Tous pays EUROMED-AFRIQUE | 8 février 2010 | src.leJMED.fr
- 1er Grand Maître adjoint : « Le Grand Orient de France soutient le projet de l'UPM »
Paris -

Orateur invité au colloque de l’Association pour une Fondation France-Égypte, dédié à la thématique des « Cultures et Identités en Méditerranée", qui se déroulait au Sénat mardi 19 janvier, Patrice Billaud, Premier Grand Maître Adjoint du Grand Orient de France, a exposé comment le GODF œuvre depuis déjà douze ans à la coopération entre les deux rives de la Méditerranée, et pourquoi il soutient la construction de l’Union pour la Méditerranée (UPM). Voici le texte intégral de son allocution.

Photo ci-dessus - Patrice Billaud, Premier Grand Maître Adjoint du Grand Orient de France, lors de son allocution au Palais du Luxembourg (siège du Sénat français, Paris), le mardi 19 janvier 2010. © leJMED.fr


Colloque au Sénat :
« Cultures et Identités en Méditerranée" - « Comment les cultures et identités autour de la Méditerranée peuvent-elles contribuer positivement au projet de l’Union pour la Méditerranée ? »
Mardi 19 janvier 2010


Allocution de Patrice BILLAUD
Premier Grand Maître Adjoint du GODF

Monsieur le Président,
Madame le Sénateur représentant Madame la Présidente du
Groupe d’Amitié France-Egypte du Sénat,
Monsieur le Secrétaire général,
Mesdames et Messieurs les Ambassadeurs,
Monsieur le Préfet,
Mesdames et Messieurs les Professeurs,
Mesdames et Messieurs,
Chers Amis,

Je tiens tout d’abord, au nom du Grand Maître du Grand Orient de France Pierre Lambicchi à vous remercier pour votre aimable invitation à participer à ce colloque organisé par l’Association « Pour une Fondation France Egypte » sur un thème qui est très cher aux Francs Maçons du GODF et qui concerne le dialogue des cultures autour de la Méditerranée.

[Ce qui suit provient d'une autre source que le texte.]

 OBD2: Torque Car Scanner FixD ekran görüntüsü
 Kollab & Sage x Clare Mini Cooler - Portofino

Le Grand Orient de France, plus ancienne Obédience maçonnique européenne continentale, né en 1728, comprend 50.000 membres répartis dans plus de 1200 Loges sur la face du globe et entretient des relations amicales et fraternelles avec une centaine d’Obédiences maçonniques étrangères.
C’est dire que tout ce qui touche à l’universalisme nous touche directement.

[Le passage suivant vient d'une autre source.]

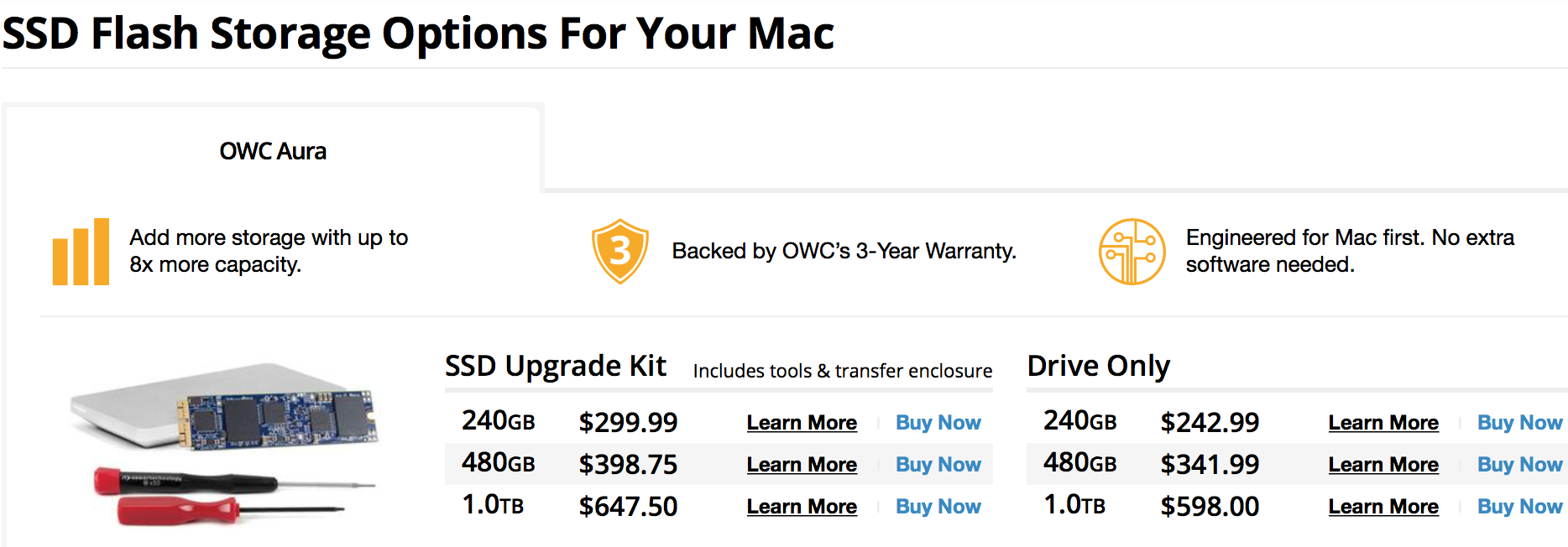 【研究】2015年 Macbook Pro Retina 13寸 升级SSD 扩容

Et le thème de ce colloque nous est cher en effet parce qu’il nous semble représenter le seul avenir possible pour cette région du monde qui, à la fois, nous renvoie à nos origines culturelles et nous porte aussi vers notre destin collectif pour bâtir ensemble « une humanité meilleure et plus éclairée » comme nos Rituels nous l’enseignent.

Le Grand Orient de France a salué et appuyé le projet d’Union pour la Méditerranée depuis son origine en se félicitant des efforts de l’Egypte et de la France, au plus haut niveau, pour en faire une réalité.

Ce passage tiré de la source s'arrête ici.